Updated from 12:46 p.m. EST
The company reported late Monday in a Securities and Exchange Commission filing that it laid off 100 more workers than expected during its most recent quarter (a total of 600), which would also result in a charge of $70 million, $20 million more than previously projected.
That's not the really disappointing part -- for investors, not for the additional 100 now without jobs -- and it even led one media outlet to post the unfortunate headline earlier Tuesday " Intel (INTC - Get Report), AMD Lead Broad Advance by Chip Issues."AMD shares ended Tuesday's trading session up 11 cents, or 5.2%, to $2.21. (By the way, it's probably time for a couple of business journalism versions of " "Man Laws": 1) A 4-penny rise by a $2 stock should never be called an advance, and 2) the words "AMD" and "lead" should, going forward, never be used in the same sentence.) Yes, taking another $20 million out of AMD's coffers isn't good, and the idea that 100 more bodies had to be cut doesn't say much for future demand, but you have to give AMD props for scaling down costs amid a dire economic slowdown.
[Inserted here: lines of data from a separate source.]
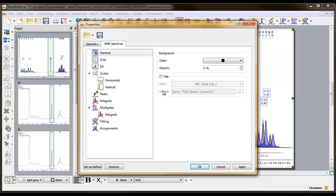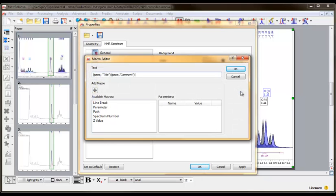If this section is grayed out, click the checkbox next to the heading Title. Now, click the Options button at the end of the Format box to access the macro editor.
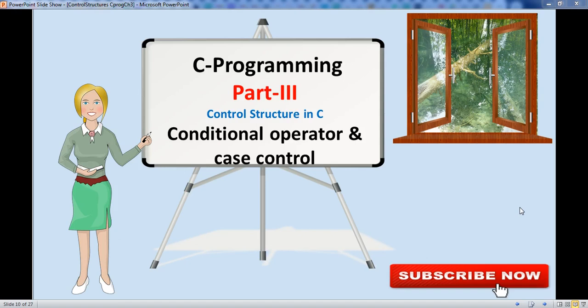Hello everyone. In the previous part we learned about decision control statements. In this part we will learn conditional operators and case control structures in C programming language.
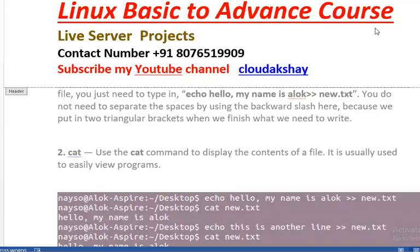Hello friends, welcome to cloudaxi.com. Today we are going to see what the file editor tools in Linux system are. There are four types of file editors: vi or vim, cat, nano, and we can also use touch.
The company still employs about 16,000 workers. Here's the real kicker: AMD will once again be writing down the value of goodwill related to its 2006 acquisition of graphics chipmaker ATI Technologies, following an updated outlook for that business. How much of a writedown? The company has no idea. "The Company expects that the impairment charge will be material, but, as of the time of this filing, the Company is unable to estimate the amount or range of amounts of the impairment charge," AMD said in the filing.